_AIM OF THE TASK_: Every line of the material is to be returned verbatim. Pictures stay out.
- - - -
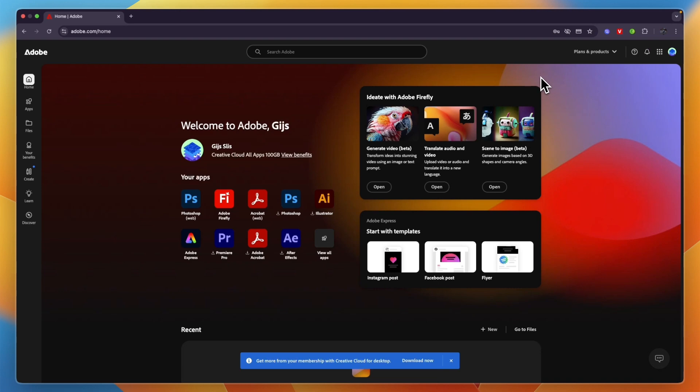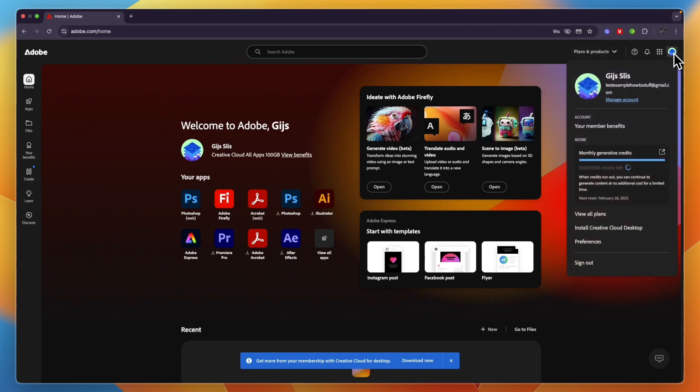In this video I will show you how to change your Adobe plan. To do this, just head over to adobe.com and click on your profile picture in the top right. From there, click Manage Account.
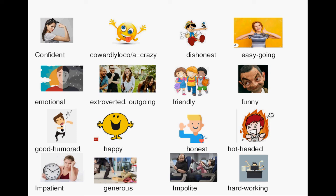Happy, honest, hot-headed, impatient, generous, impolite, hard-working, impulsive, introverted.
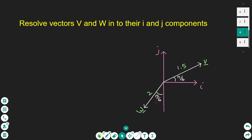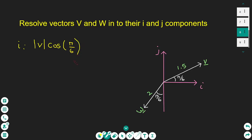To resolve the vector V into the i and j components, it is useful to find the angle. The angle is π/6, so I'm going to use this angle to find the i-component. The i-component of the vector V is the magnitude of V times the cosine of the angle to the horizontal π/6. This is the i-component of the vector V.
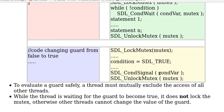And after that it executes cond_signal. This will wake up any thread that is waiting inside the queue, actually the head, the first one. And then it releases the mutex.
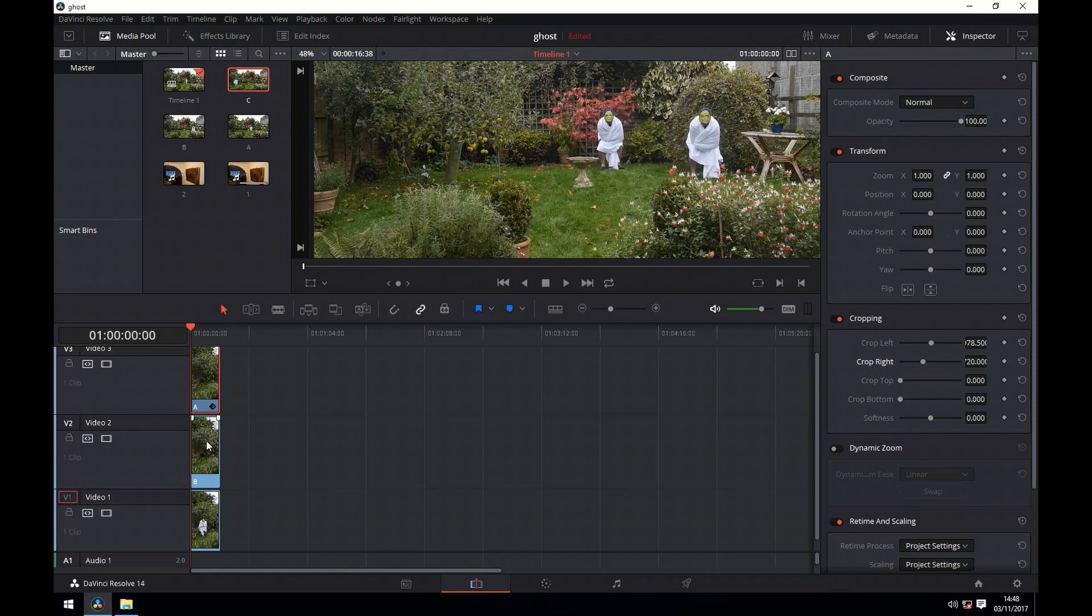We now go to the next clip down and for this we just need a left crop.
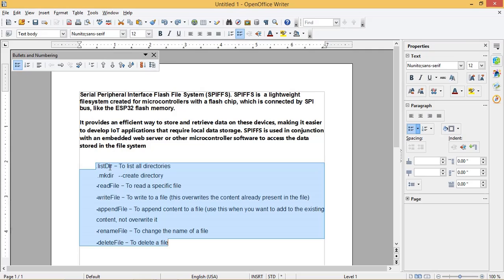In a file system, we use the following functions or methods: listdir to list all directories, mkdir to create directory, read file to read a specific file.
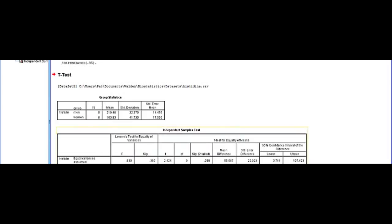We have confidence intervals. Ninety-five percent confidence intervals going from, if we're assuming equal variances, 3.7 to 107.4. So again, zero is not included in the range.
- - - -
_RESULT FOR THIS EXERCISE_:
In this video I will show you how to change your Adobe plan. To do this, just head over to adobe.com and click on your profile picture in the top right. From there, click Manage Account.
Happy, honest, hot-headed, impatient, generous, impolite, hard-working, impulsive, introverted.
To resolve the vector V into the i and j components, it is useful to find the angle. The angle is π/6, so I'm going to use this angle to find the i-component. The i-component of the vector V is the magnitude of V times the cosine of the angle to the horizontal π/6. This is the i-component of the vector V.
And after that it executes cond_signal. This will wake up any thread that is waiting inside the queue, actually the head, the first one. And then it releases the mutex.
We now go to the next clip down and for this we just need a left crop.
In a file system, we use the following functions or methods: listdir to list all directories, mkdir to create directory, read file to read a specific file.
We have confidence intervals. Ninety-five percent confidence intervals going from, if we're assuming equal variances, 3.7 to 107.4. So again, zero is not included in the range.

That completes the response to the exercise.